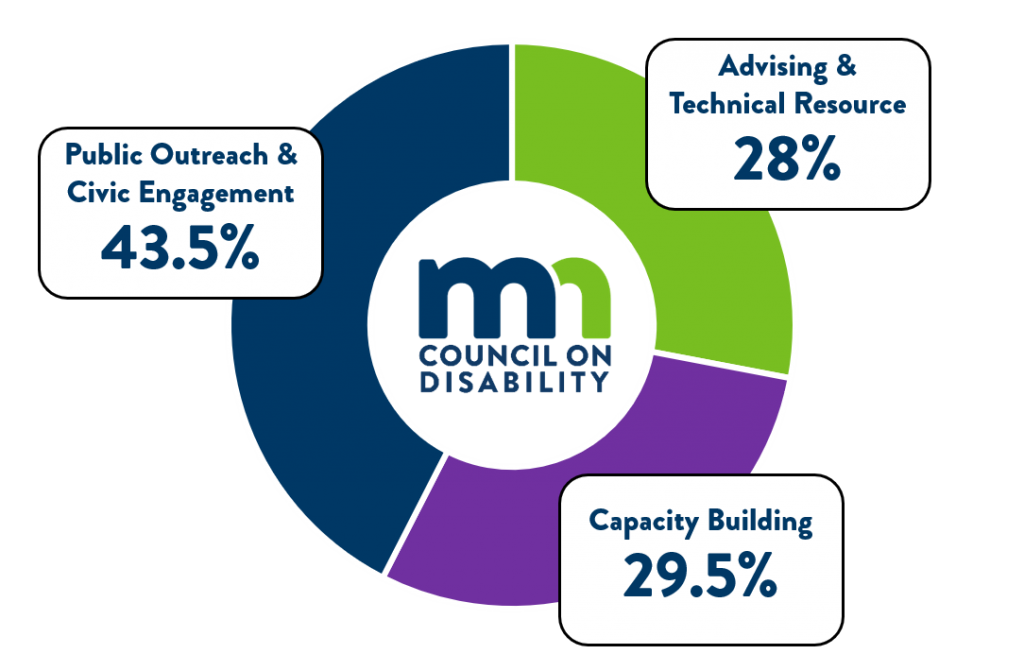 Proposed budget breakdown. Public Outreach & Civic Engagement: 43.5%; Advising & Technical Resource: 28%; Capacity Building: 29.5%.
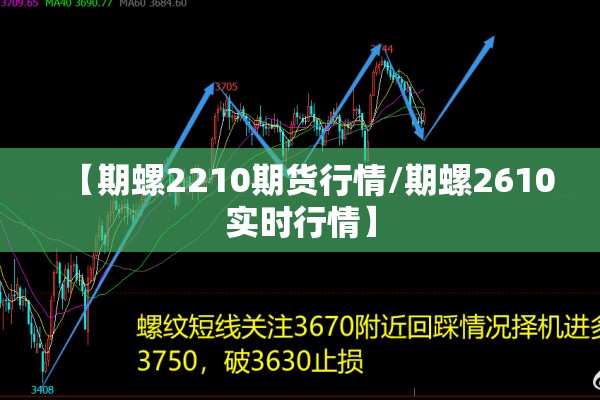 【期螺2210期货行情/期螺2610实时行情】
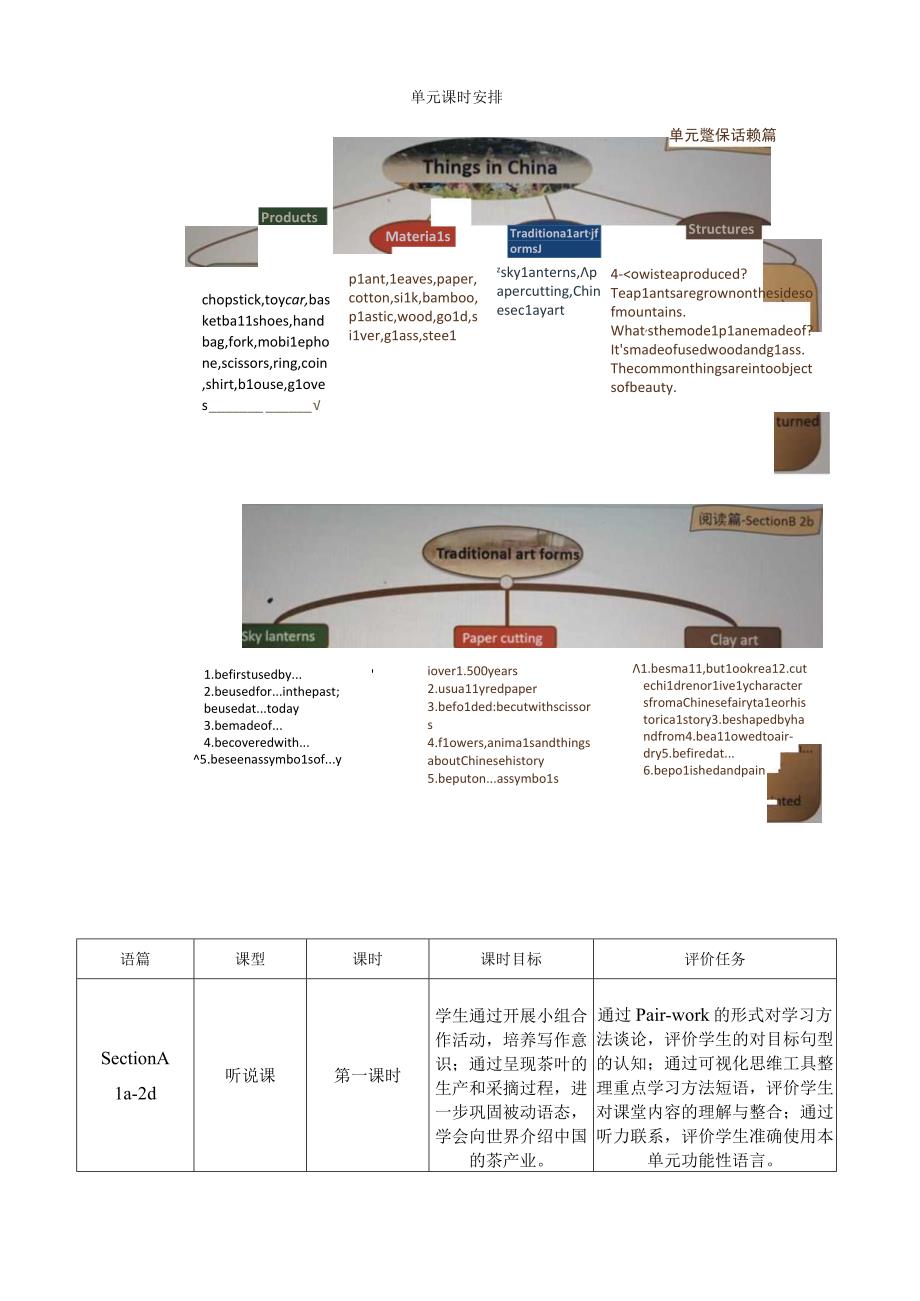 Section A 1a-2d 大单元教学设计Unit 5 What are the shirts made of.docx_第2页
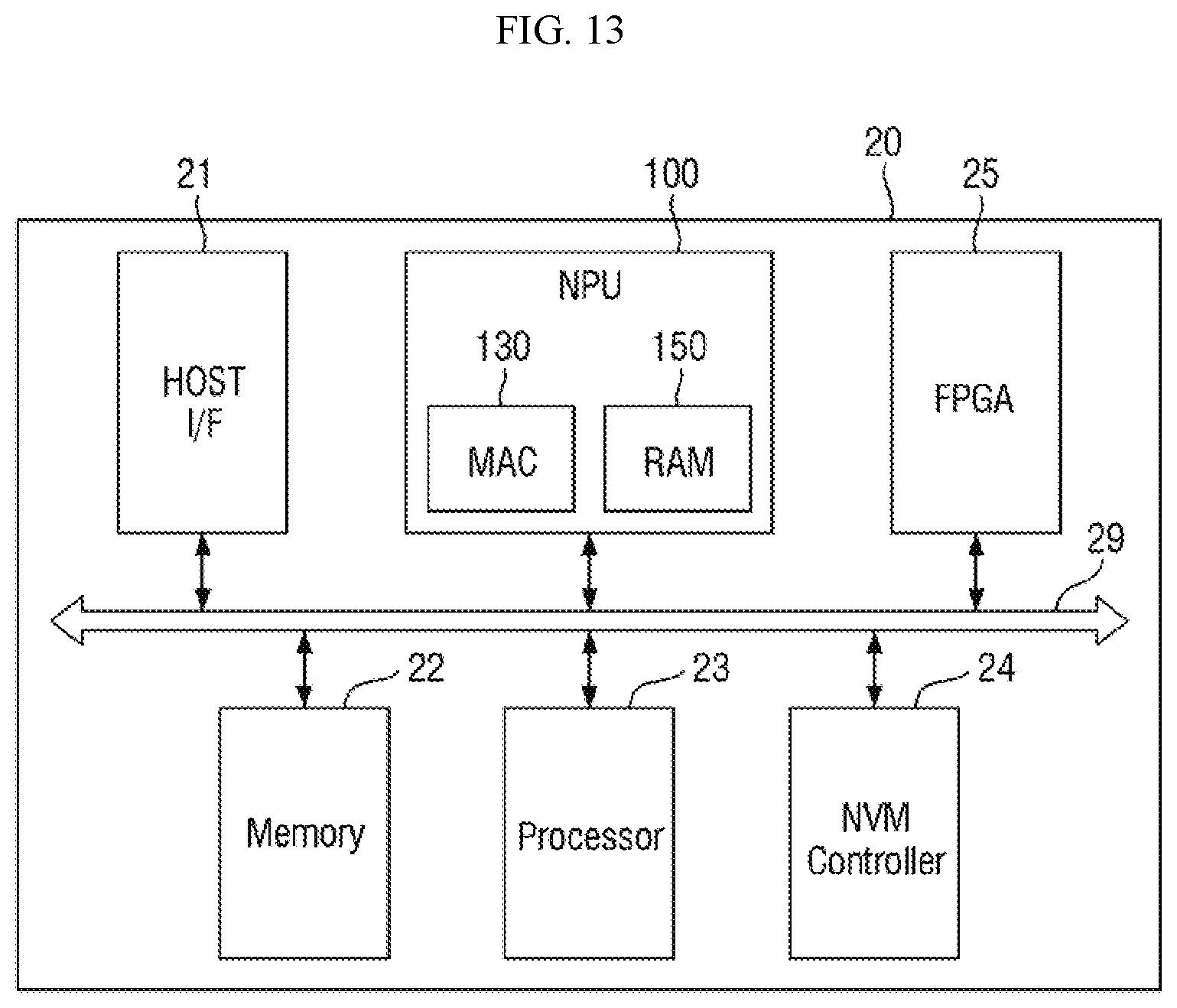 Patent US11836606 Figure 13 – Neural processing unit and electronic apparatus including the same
________________________
◆ **What needs to be done**
Copy every line above exactly; images stay out.

◆ **Written reply**
 Proposed budget breakdown. Public Outreach & Civic Engagement: 43.5%; Advising & Technical Resource: 28%; Capacity Building: 29.5%.
 【期螺2210期货行情/期螺2610实时行情】
 Section A 1a-2d 大单元教学设计Unit 5 What are the shirts made of.docx_第2页
 Patent US11836606 Figure 13 – Neural processing unit and electronic apparatus including the same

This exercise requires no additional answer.